[Brief descriptive captions]
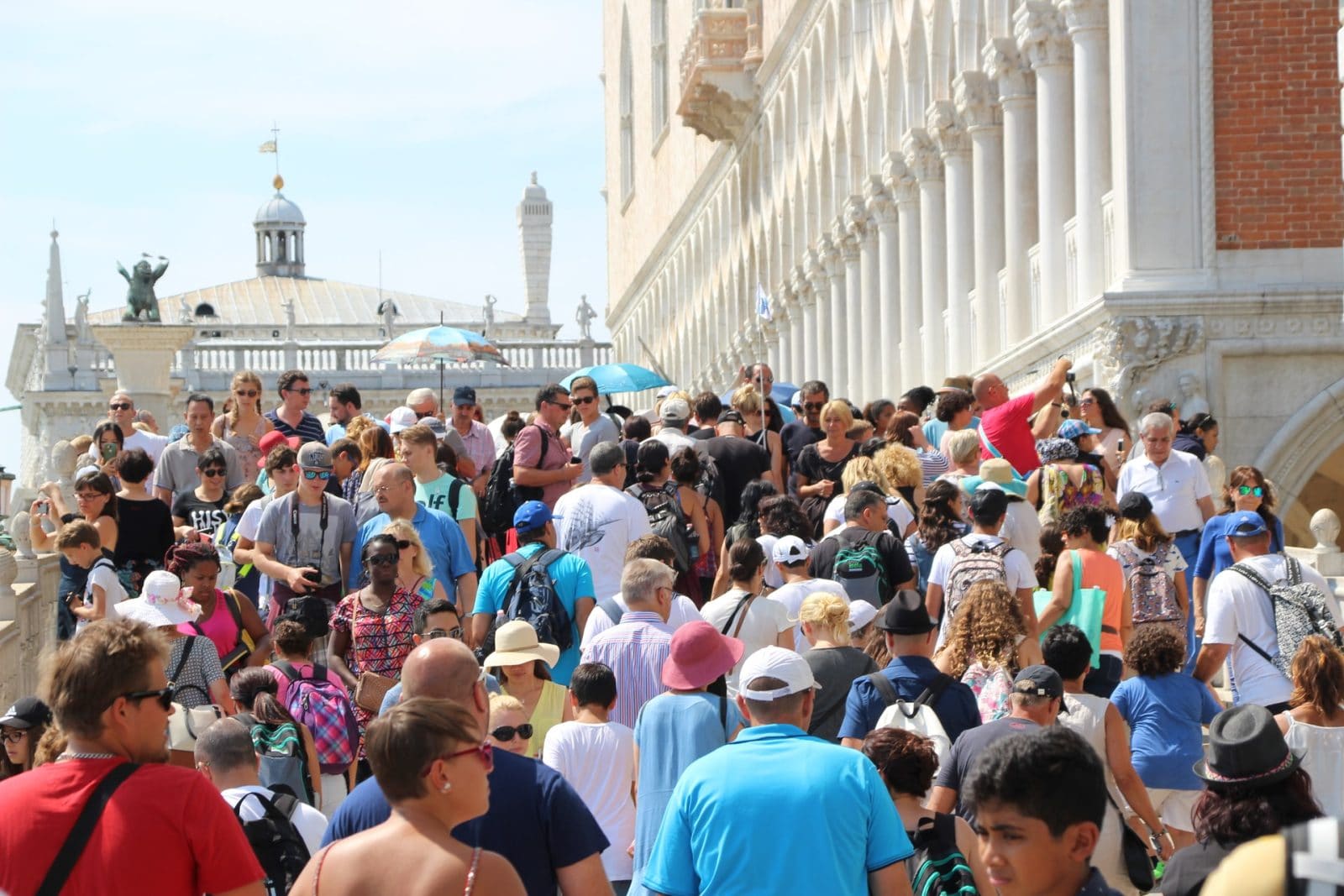 Venice Weighs Sixfold Fee Hike as €5 Charge Fails to Slow Visitor Numbers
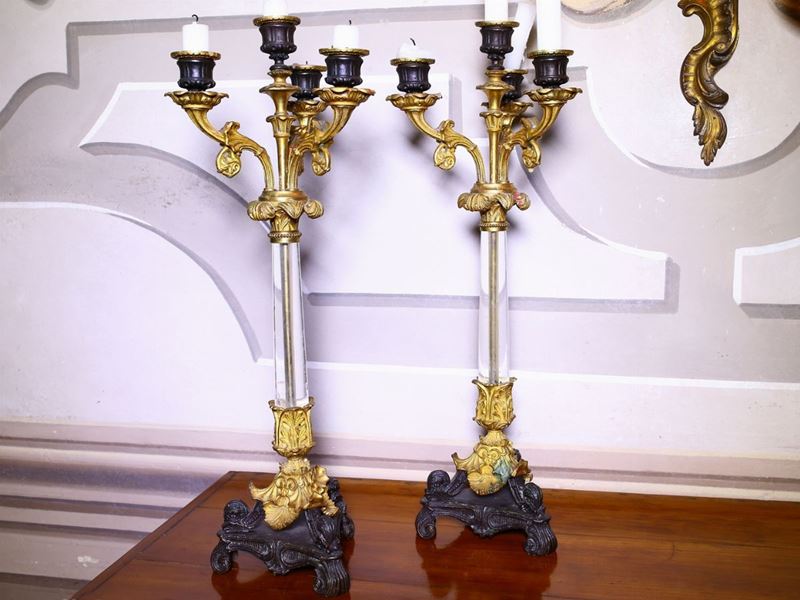 Coppia di Candelabri in Bronzo Dorato e Patinato e Cristallo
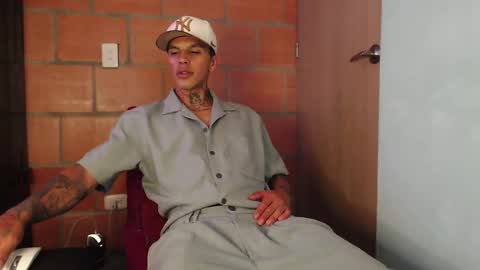 OF GxoXabs online show from February 15, 6:17 pm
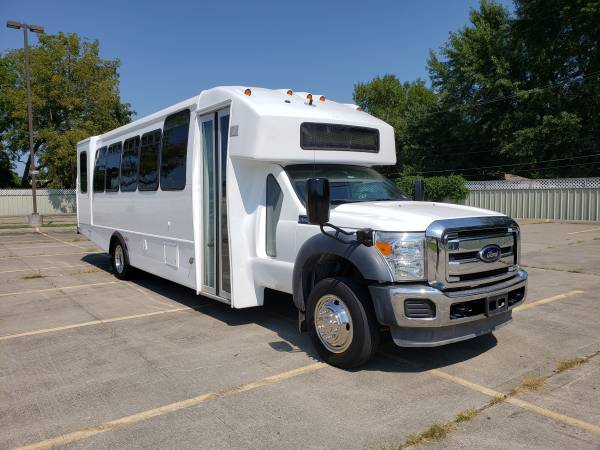 2012 F-550 Super Duty Shuttle/Party/Limo/Church Bus - cars & trucks... for sale in Oak Grove, WI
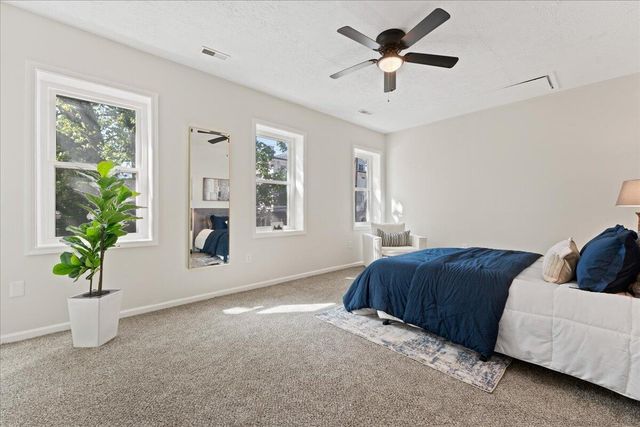 276 W 8th Street, Covington, KY 41011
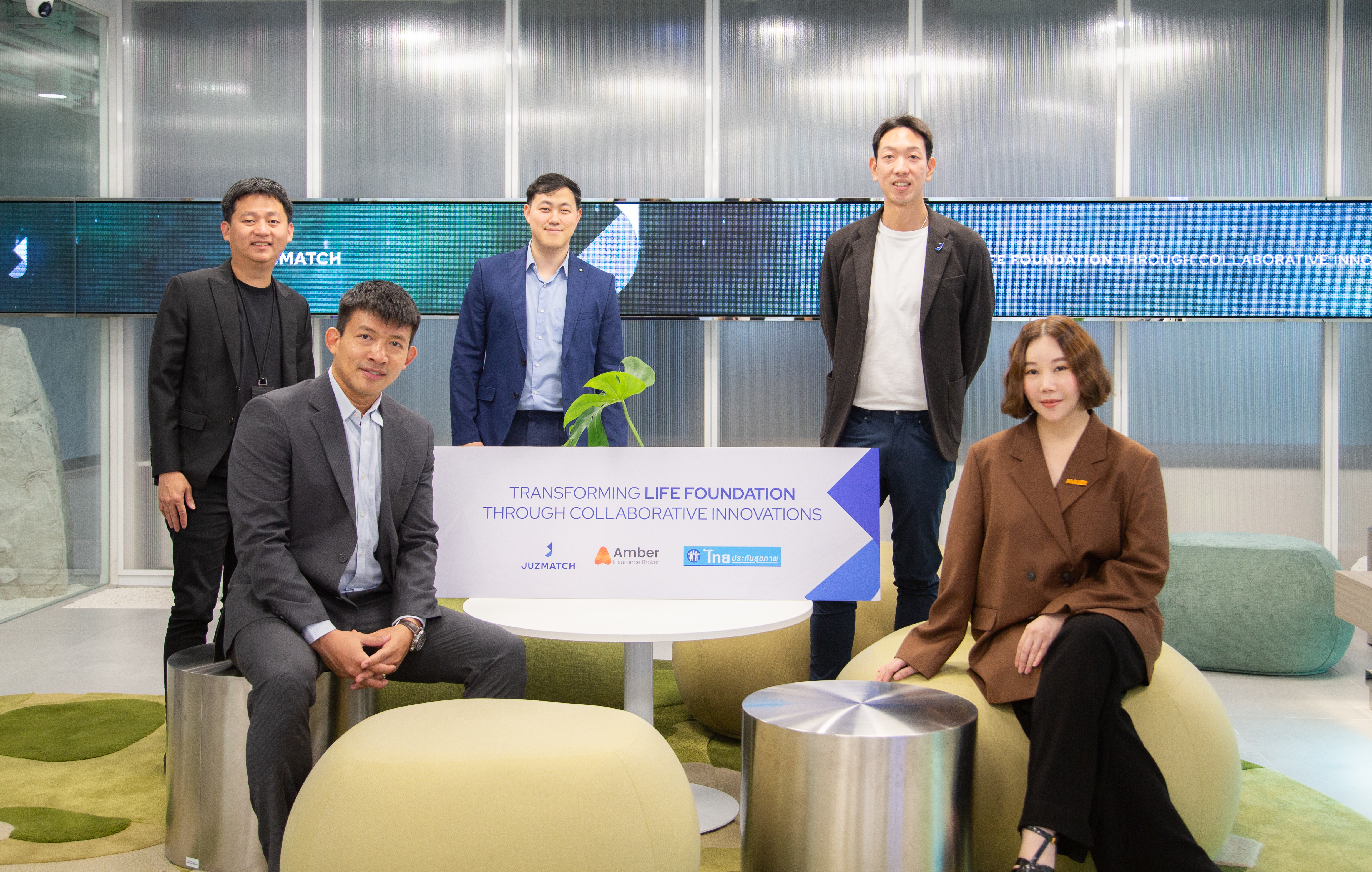 𝐀𝐦𝐛𝐞𝐫 𝐈𝐧𝐬𝐮𝐫𝐚𝐧𝐜𝐞 𝐁𝐫𝐨𝐤𝐞𝐫  ประกาศ ความร่วมมือครั้งสำคัญกับ  บริษัท 𝐉𝐔𝐙𝐌𝐀𝐓𝐂𝐇 และ บริษัท ไทยประกันสุขภาพ จำกัด (มหาชน)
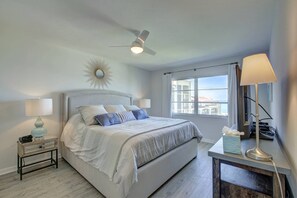 Gorgeous master King ensuite with incredible ocean views.  Wake up to amazing sunrise views!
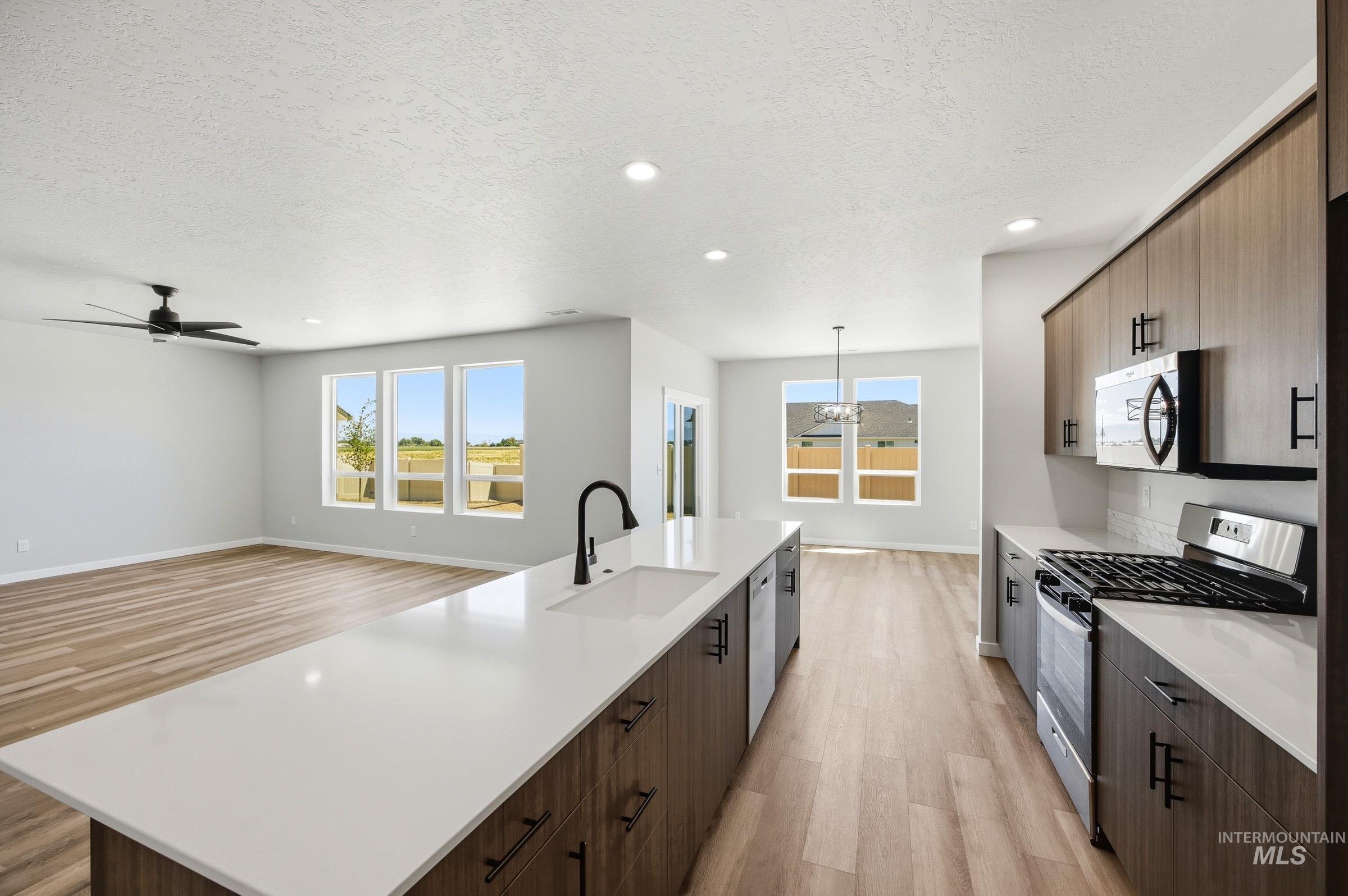 8286 E Cool River Lp, Nampa, Idaho 83687, 4 Bedrooms, 2 Bathrooms, Residential For Sale, Price $544,990, 98987156
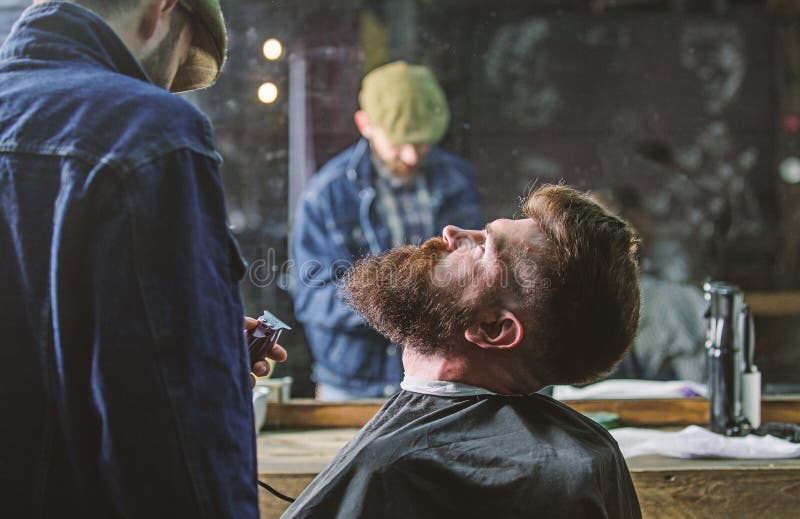 Έννοια καλλωπισμού Hipster με τη γενειάδα που καλύπτεται με την τακτοποίηση ακρωτηρίων από τον επαγγελματικό κουρέα στο μοντέρνο στοκ εικόνα Έννοια καλλωπισμού Hipster με τη γενειάδα που καλύπτεται με την τακτοποίηση ακρωτηρίων από τον επαγγελματικό κουρέα στο μοντέρνο στοκ εικόνα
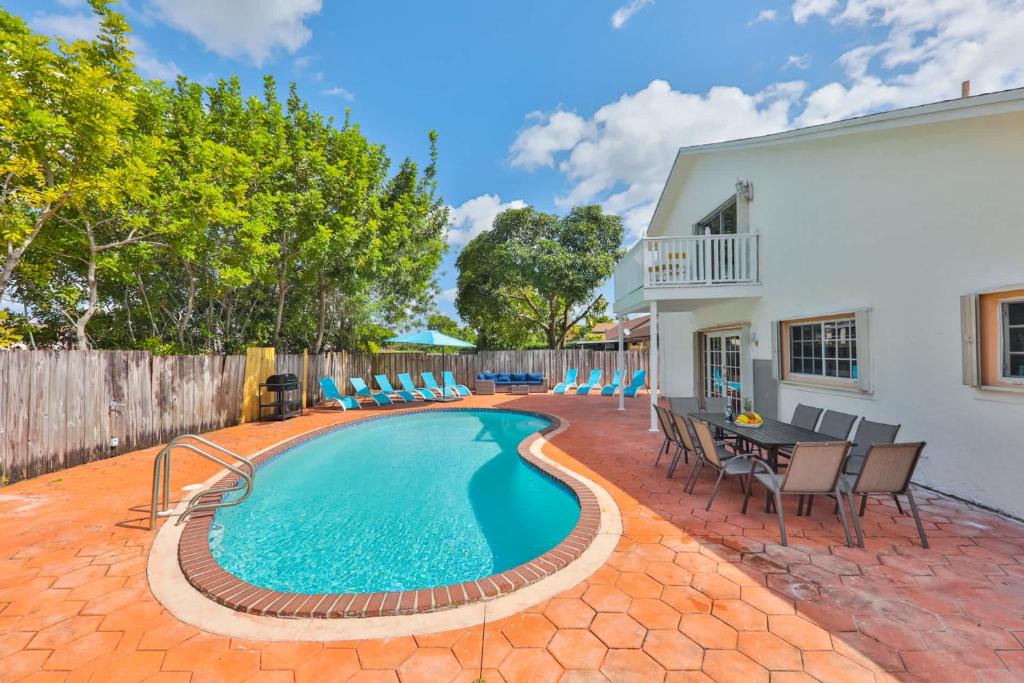 Ives Estates House | Two Luxury Villas - Private Pools - Large Groups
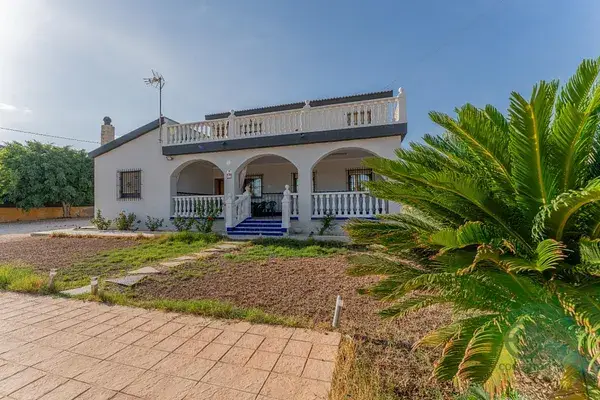 Chalet en Elche cerca de Alicante con 7 dormitorios y piscina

**Goal of the exercise:** Begin at the line in the entries above that has "8286 E Cool", stop after the line that has "Ives Estates House", and output exactly those lines without pictures.

**Problem solution:**
 8286 E Cool River Lp, Nampa, Idaho 83687, 4 Bedrooms, 2 Bathrooms, Residential For Sale, Price $544,990, 98987156
 Έννοια καλλωπισμού Hipster με τη γενειάδα που καλύπτεται με την τακτοποίηση ακρωτηρίων από τον επαγγελματικό κουρέα στο μοντέρνο στοκ εικόνα Έννοια καλλωπισμού Hipster με τη γενειάδα που καλύπτεται με την τακτοποίηση ακρωτηρίων από τον επαγγελματικό κουρέα στο μοντέρνο στοκ εικόνα
 Ives Estates House | Two Luxury Villas - Private Pools - Large Groups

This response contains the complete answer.